Cinder Cone with lava field in the background photo: JParadisi

     Recently, I walked to the top of a volcanic cinder cone in the Cascade Mountain range, in Oregon.  I have been in love with volcanoes for decades now, since I first heard of the ruins of Pompeii in the fourth grade, and  images of cataclysmic geology flowed  like molten lava within my ten year-old imagination. 

     I read the novel, The Volcano Lover, by Susan Sontag, simply because of its title.  It wasn’t  as much about volcanoes as it was about submerged passion and possession, but I enjoyed reading it.

     It was weird, walking on the top of a volcano, though it’s been more than a millenium since its last eruption. Volcanoes in the Pacific Northwest don’t conjure tropical images of the goddess Pele hurling showers of orange and red molten stone at the lovers who displeased her. Pacific Northwest volcanoes are more subtle. They simmer quietly for eons, occasionally belching benign plumes of white steam, seen for miles.

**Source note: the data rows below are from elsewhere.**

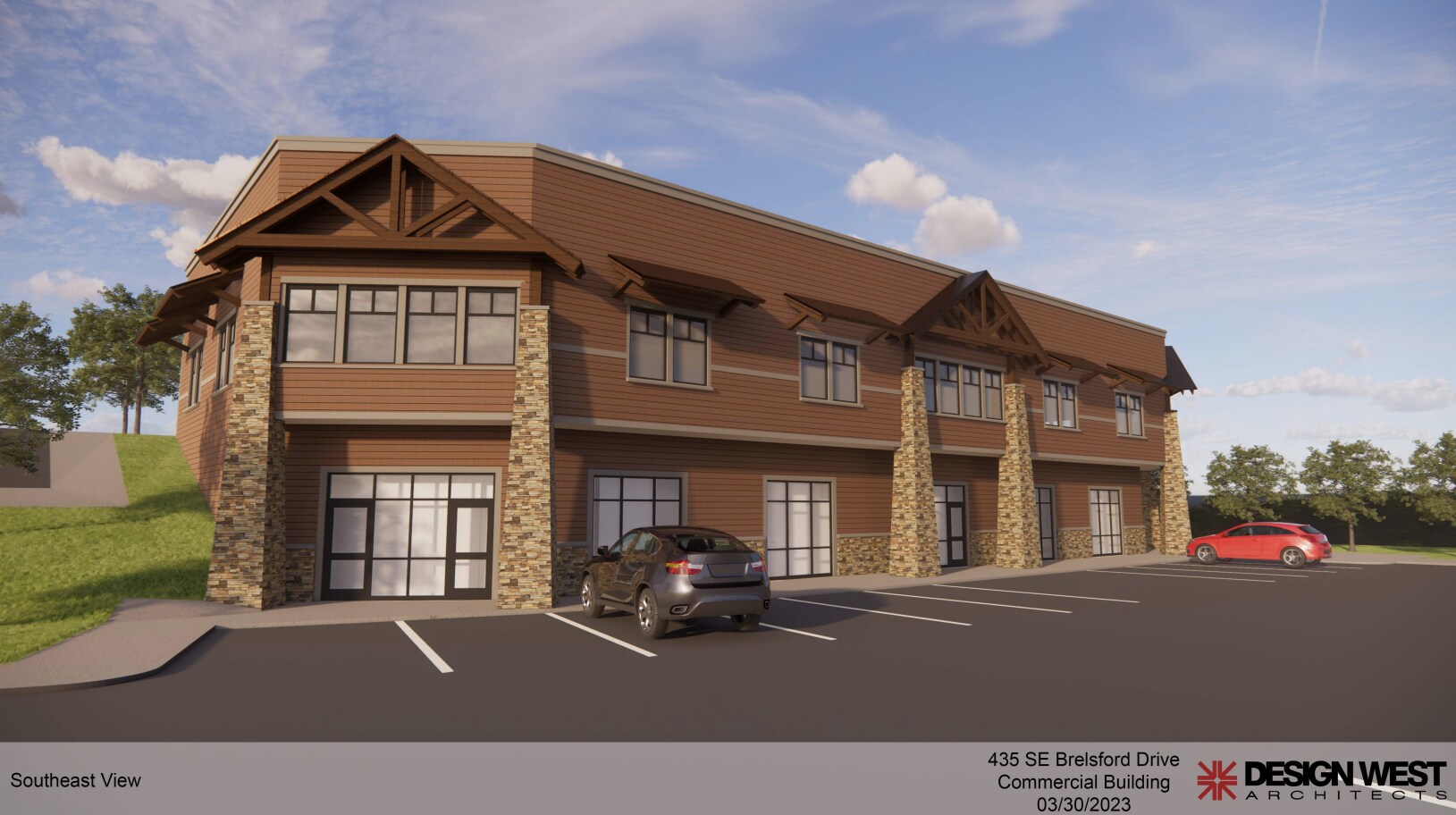 435 SE Brelsford Dr, Pullman, WA for Rent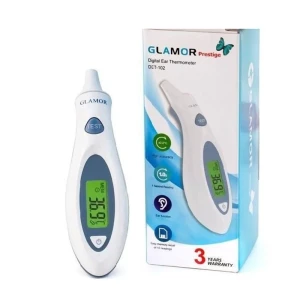 تب سنج دیجیتال گلامور مدل DET-102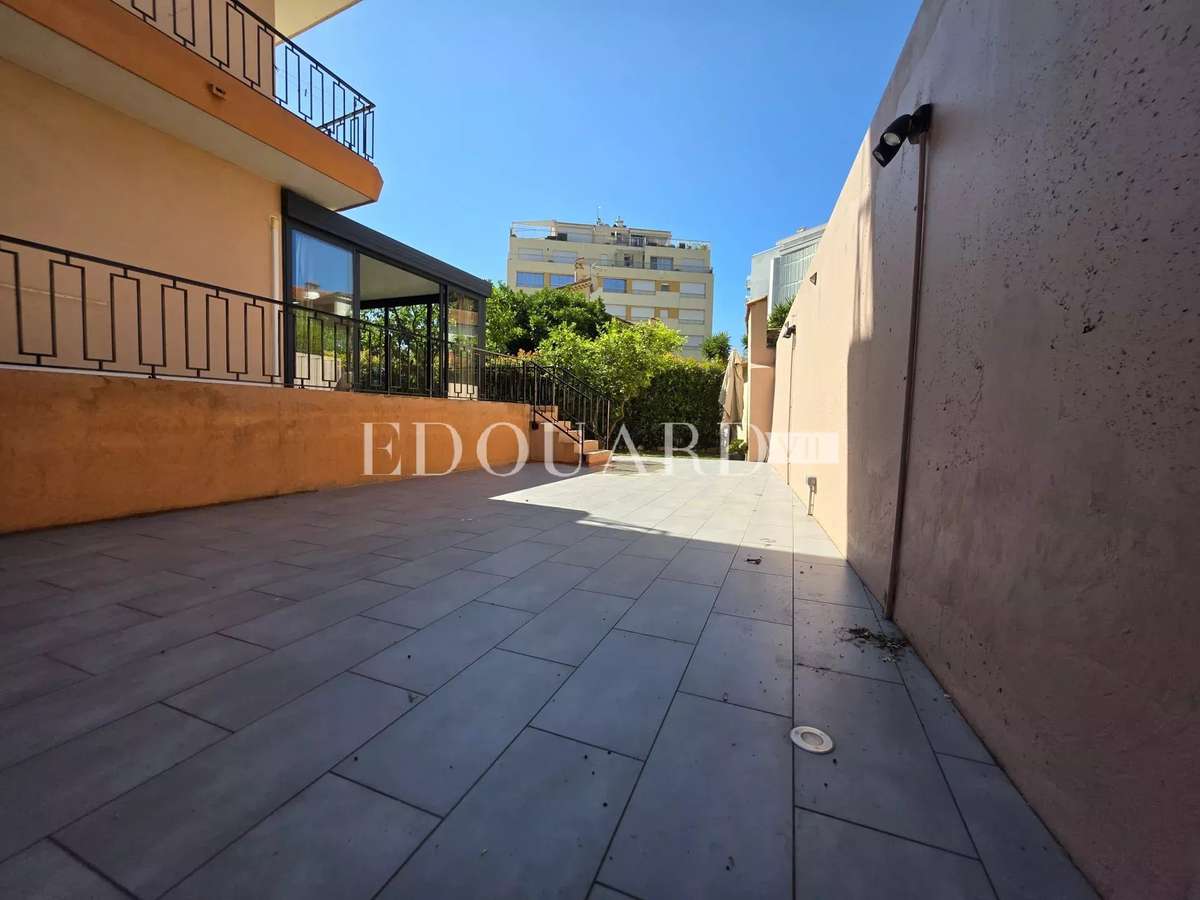 Appartement Roquebrune-Cap-Martin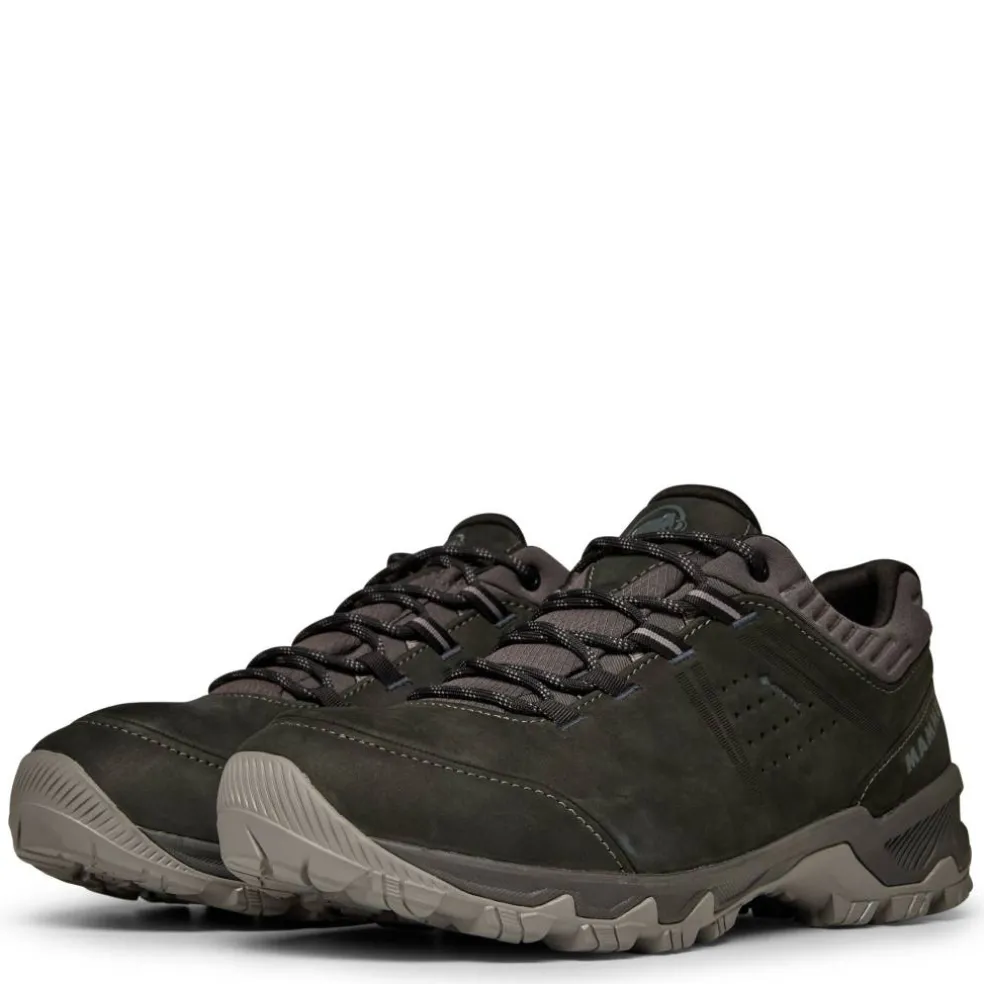 Men's Mercury Low Waterproof Hiking Shoes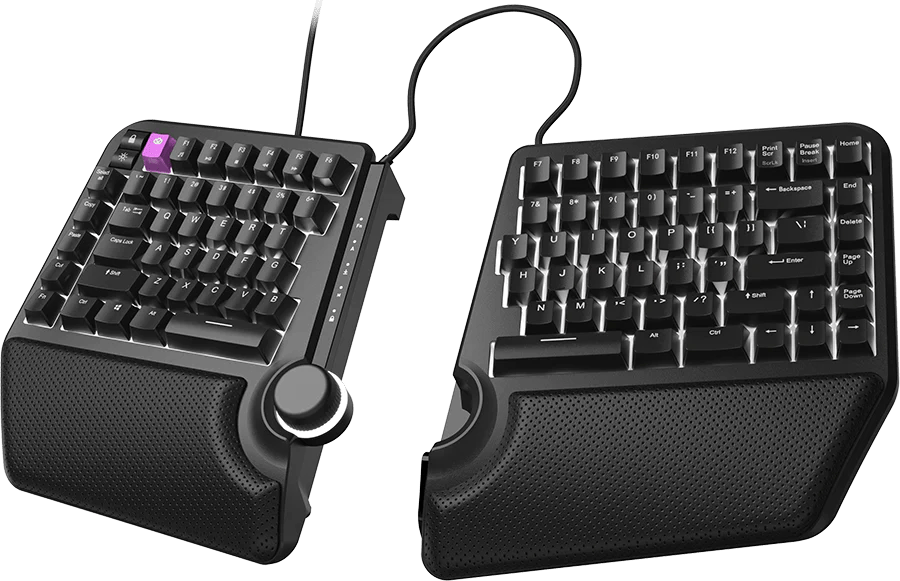 分割キーボード入門|手や指・肩の負担をおさえたい人向けのメリット・デメリットとおすすめモデル 67 Main Hero a1070347 00ca 43f1 b41d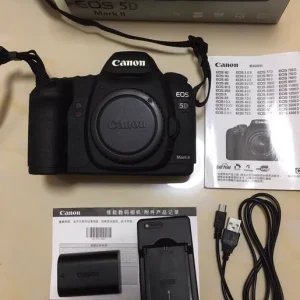 Canon EOS 5D Mark II (Used)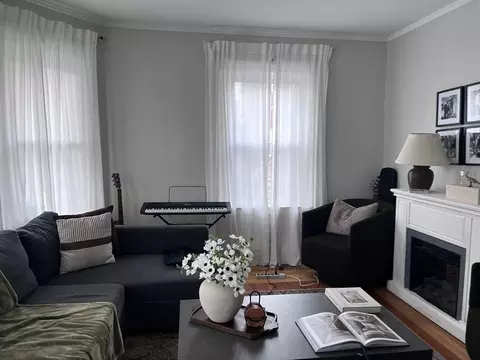 Living - 4 Wolfenden St, Attleboro, MA 02703 photo 3 of 3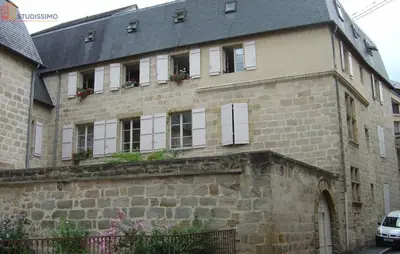 Studio à Brive-la-Gaillarde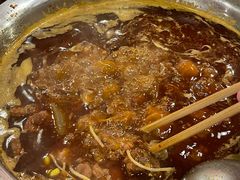 -中和远东火锅兔(老店)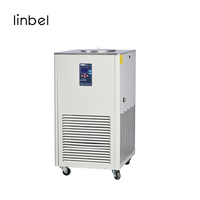 Refroidisseur industriel de circulation de refroidissement à l'air de basse température-circulateur de refroidissement 30C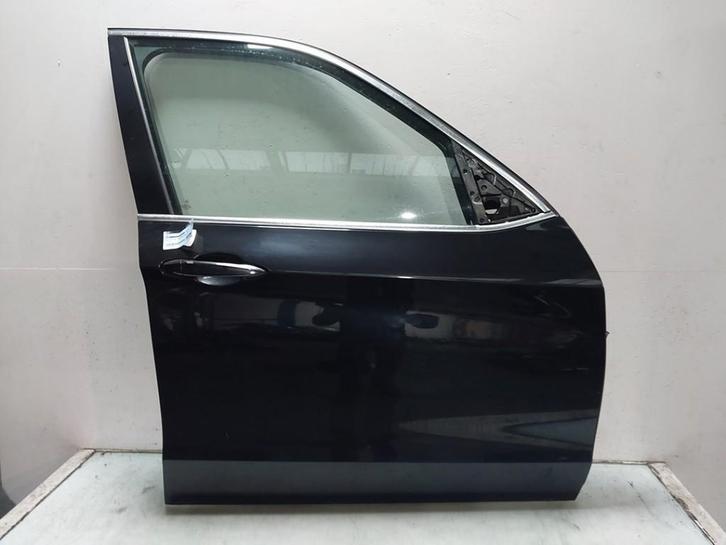 Portier Rechts Voor BMW X5 (F15) 2015 41517386738, Auto-onderdelen, Carrosserie en Plaatwerk, BMW, Gebruikt
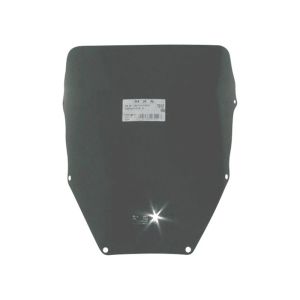 Turskjerm egnet for Kawasaki ZX 6 R 98-99 frontrute "T" MRA fargeløs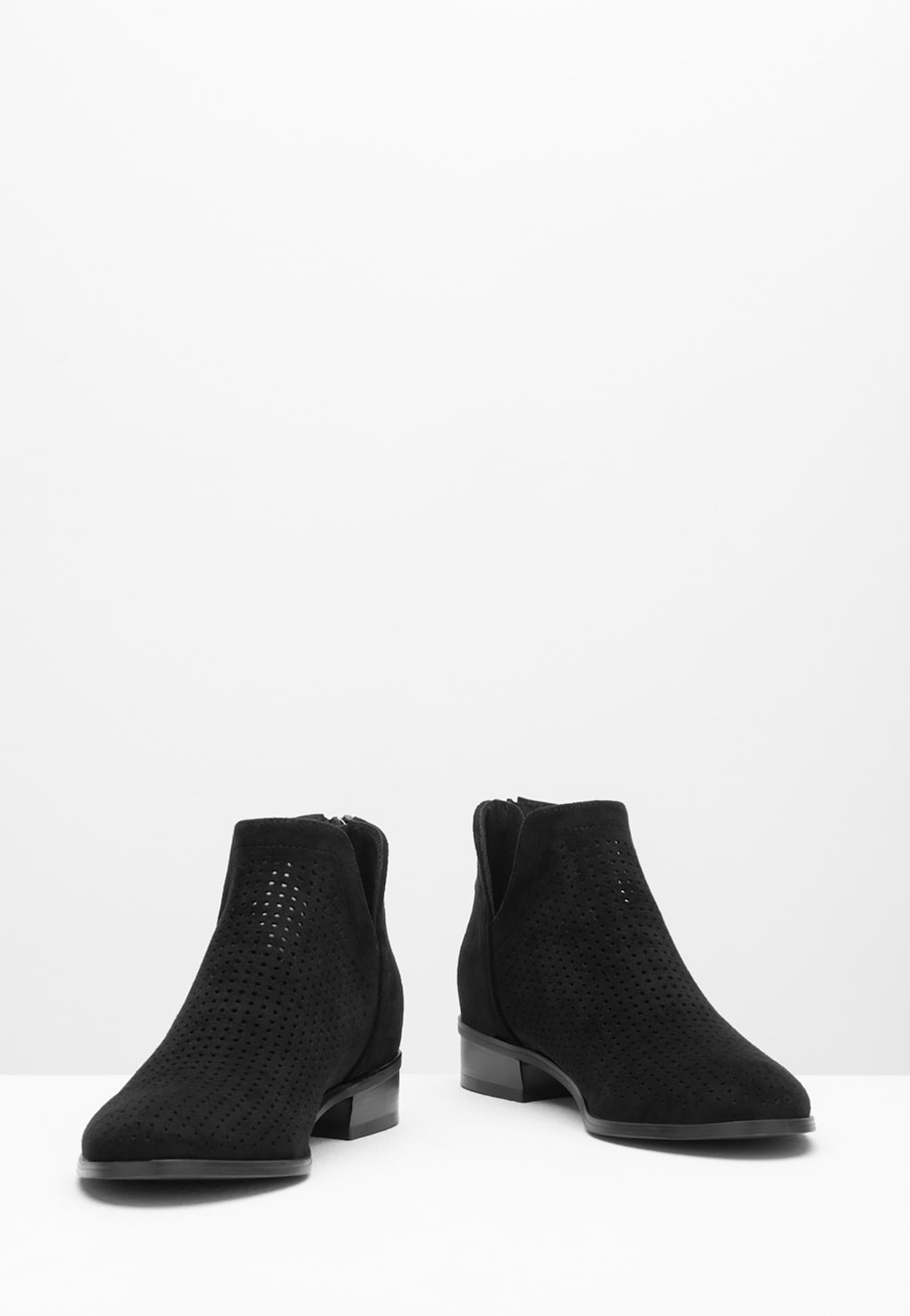 Čižmy dámske WJS WJS46025-61 Widok 4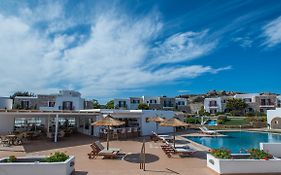 Naxos Palace Hotel Νάξος Exterior photo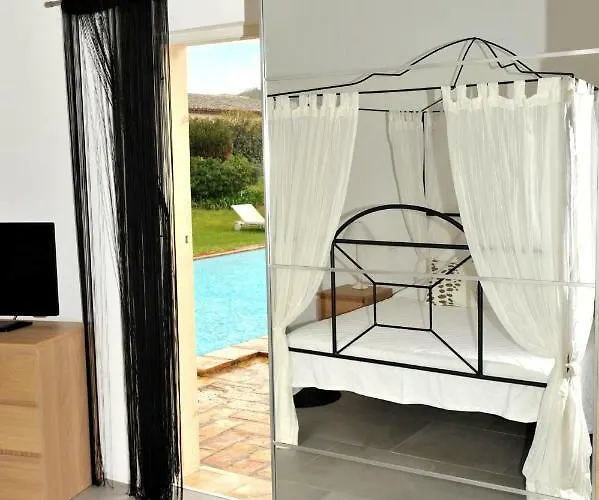 Bed & Breakfast Made Saint-Tropez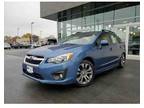 2014 Subaru Impreza 2.0i Sport Premium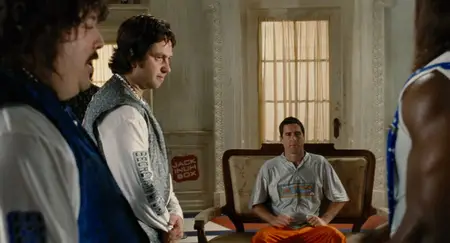 Idiocracy (2006)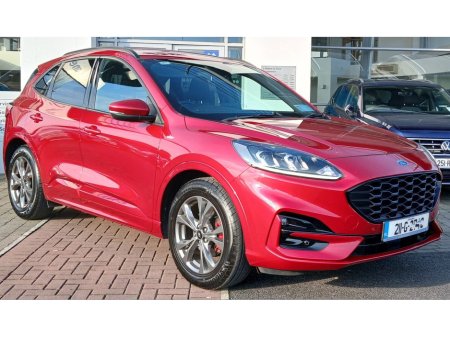2021 Ford Kuga ST-Line 1.5 EcoBlue 120PS * FINANCE AVAILABLE, CALL US TODAY*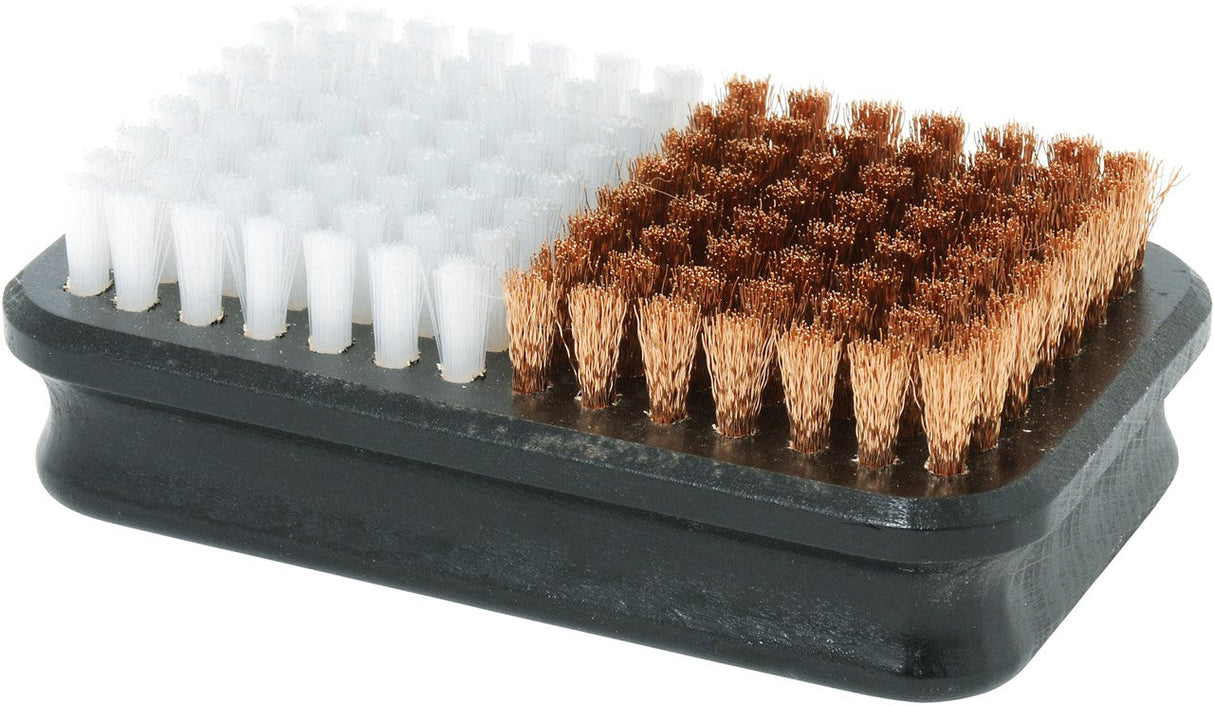 Swix North Bronze/Nylon Brush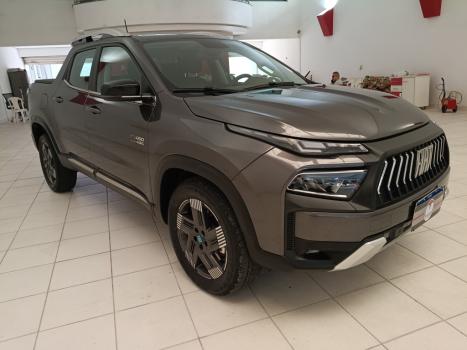 FIAT Toro 2.2 16V 4P VOLCANO 4WD TURBO DIESEL AUTOM�TICO, Foto 1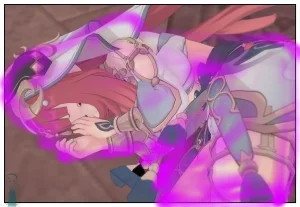 Shizumi Hanako The Wanderers Hat P1-P7 English - Page 506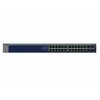 Šakotuvas Tinklo Įranga - Netgear XS724TM 24-Port 10/25G Ethernet Switch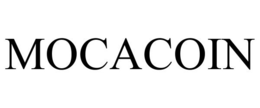 MOCACOIN trademark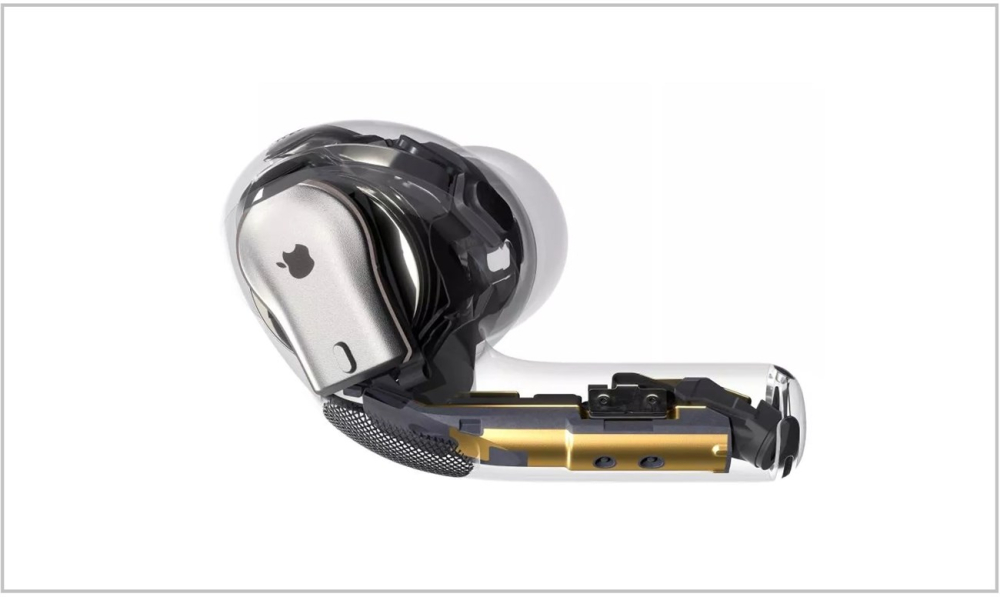 Thông số kỹ thuật và tính năng mới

     I didn’t live in Oregon when Mount St. Helen erupted in May of 1980. But I have seen large spirals of steam billow up to the sky from it,  like no cloud I’d ever seen before.  It was a few years ago. I had just gotten off work, and was going to my car on the top of the hospital’s parking structure, when I saw it. A coworker of mine, who I occasionally ate lunch with (we liked the same bench in the hospital’s garden during good weather) was the only other person there to see it. We sat on the hood of his car, watching the phenomenon, and congratulating ourselves for having the best seats in Portland for this spontaneous performance. A year or two later, I can’t remember, this same coworker, who loved nature, his family, and his patients, was shot in the head by an intruder in his home, who stole the very car my now deceased friend and I had sat on that day, watching the volcano, and wondering what would happen next. 

     You never know what’s brewing underneath.

     I thought about all of this while walking the cinder cone. Life is unpredictable. One day you’re healthy, the next, you or someone you love is in an accident, or diagnosed with a life-threatening illness. Or you get a phone call from a stranger, telling you  “I’m very sorry to inform you ma’am, that your loved one was found dead…”

     With this in mind, I refrain from judging my outpatients who irritably or sheepishly ask me to let them go out for a smoke, between their infusions of chemotherapy. A diagnosis of cancer motivates some patients to quit, but others find it so stressful, they don’t have it in them. Some of them berate themselves with guilt, because of it.  I do my duty, and encourage them to quit, but I know first hand that a healthy lifestyle doesn’t guarantee a cancer free life, and out of compassion, I share this knowledge with them. 

     I think about safety, and how to avoid danger, and this quote, from the sci-fi movie Demolition Man bubbles up from memory:

 “I have seen the future. Do you know what it is? It’s a 47-year-old virgin sitting around in his beige pajamas, drinking a banana-broccoli shake, singing, ‘I’m an Oscar Meyer Weiner’.”

     I’m learning that the rules we make for ourselves only create an illusion of control. We have choices, but we don’t have control. Or rather, we have control until it’s taken away from us, through illness, accident, or a violent crime. We walk, not realizing the volcanic turmoil underneath the smooth surfaces of our lives, until an eruption occurs.

     You never know what’s brewing underneath.